- [INSTRUCTIONS FOR THE TASK]: Exactly the lines from the one containing "Kitchen - 20010 Marine View Dr SW" through the end of the records must be reproduced; leave out all pictures.

- [DATA TO EXAMINE]:
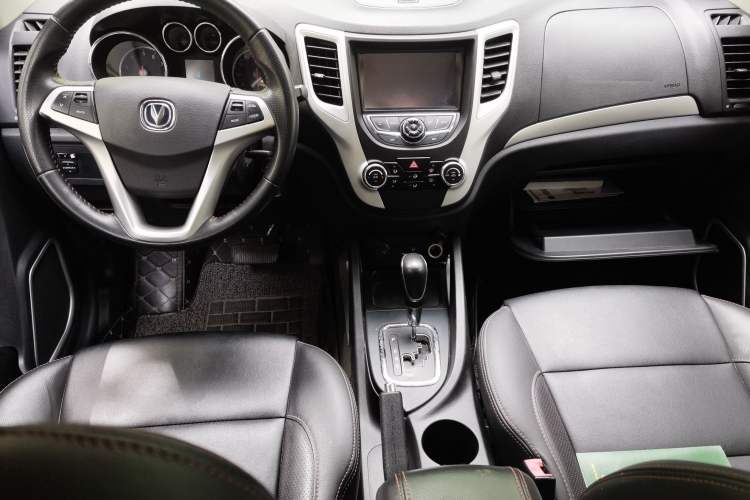 Used CHANGAN CS35 2015 1.6L Automatic Luxury Model China IV Standard Center Console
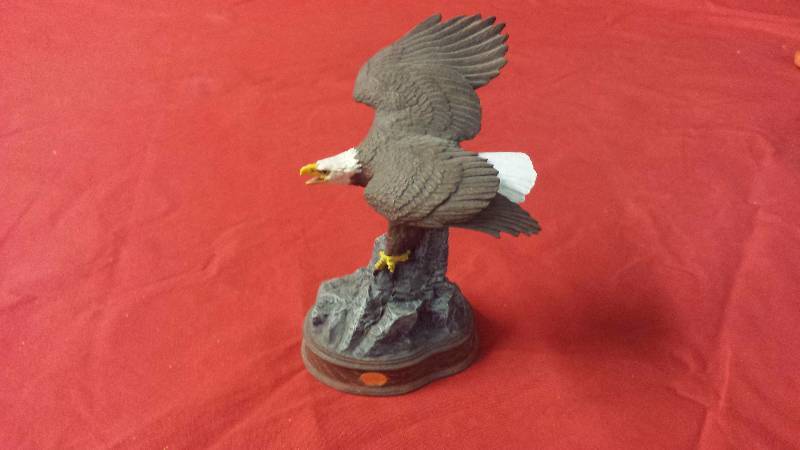 lot 298 image: The Franklin Mint The Bald Eagle Yellowstone National Park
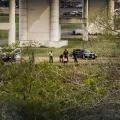 US-Polizei stoppt Migranten an der Grenze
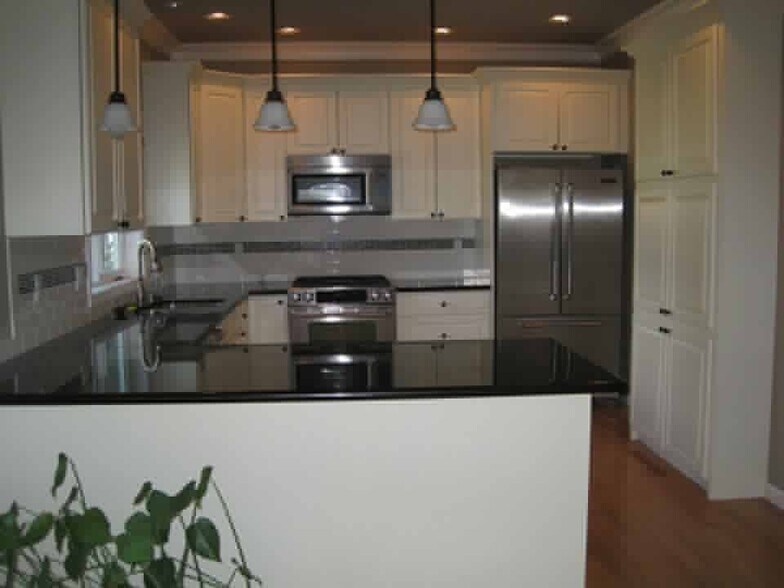 Kitchen - 20010 Marine View Dr SW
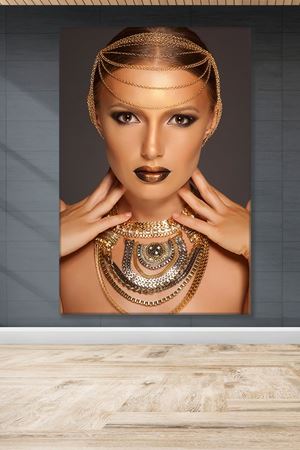 Altın Renkli Takıları Olan Kadın Kanvas Duvar Tablo 3322525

- [SOLUTION TO THE EXERCISE]:
 Kitchen - 20010 Marine View Dr SW
 Altın Renkli Takıları Olan Kadın Kanvas Duvar Tablo 3322525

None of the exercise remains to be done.